SAMUEL CHERRY: A Legacy of Education

As a young man growing up in Anniston, AL, Samuel Cherry set himself three goals in life: to serve his country, see the world and learn a trade. He would achieve all three-and one more: he would help more than 100 students at UNCF-member HBCUs study for a college education.

It was a different world in which Cherry grew up in the 1930s and 1940s. Alabama schools, restaurants, housing and almost all other businesses and government agencies were segregated. HBCUs were almost the only college options for African Americans. There was another difference: A high school graduate with a good work ethic could earn enough to support a family.

But Samuel Cherry was not to be deterred. To serve his country, he joined the U.S. Air Force. There, he achieved another goal: he was trained as an electrician. As an Air Force enlisted man and noncommissioned officer, he achieved his third goal: serving in Japan, Korea and Vietnam as well as other countries.
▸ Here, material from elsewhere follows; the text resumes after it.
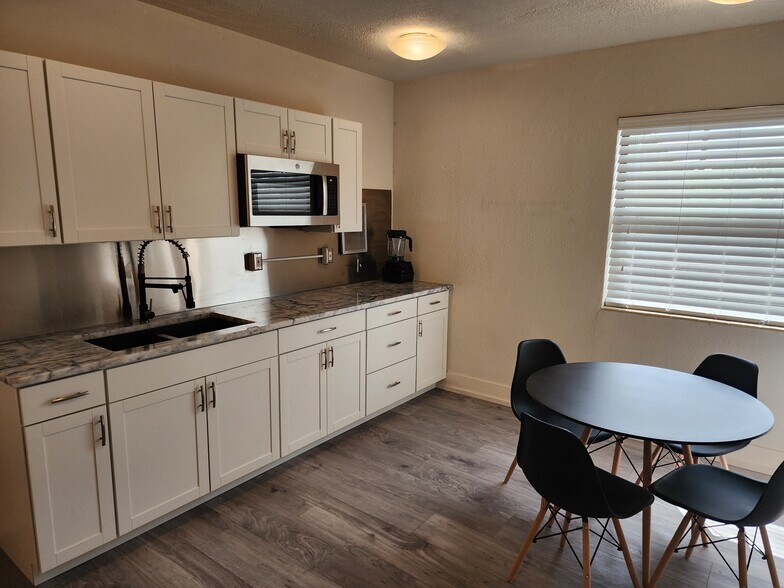 More Photos Of 1427-1437 4th St S, Saint Petersburg Storefront Retail Office For Sale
And, while on assignment in Japan, he met and married his wife.

After Cherry retired from the Air Force as a technical sergeant, he and his wife settled in Seattle, where he worked as an electrician for the city. He was an avid reader and especially enjoyed reading about financial and international affairs while listening to jazz. And he would talk to anyone who would listen about the benefits of an education. In fact, Cherry's niece recalls that her uncle talked to her about the importance of education and about his intention to leave a bequest to UNCF to help others get a college education, because the world had changed from the one he had grown up in. Now, the best and fastest-growing jobs and career paths, the ones that paid enough to support families and communities, required at least a college degree.

So, Samuel Cherry provided in his will a bequest to UNCF of more than a half-million dollars to be awarded as scholarships that would help young people-young people like Samuel Cherry had been when he left Alabama-get the college degrees that they needed and that the 21st century country needed them to have.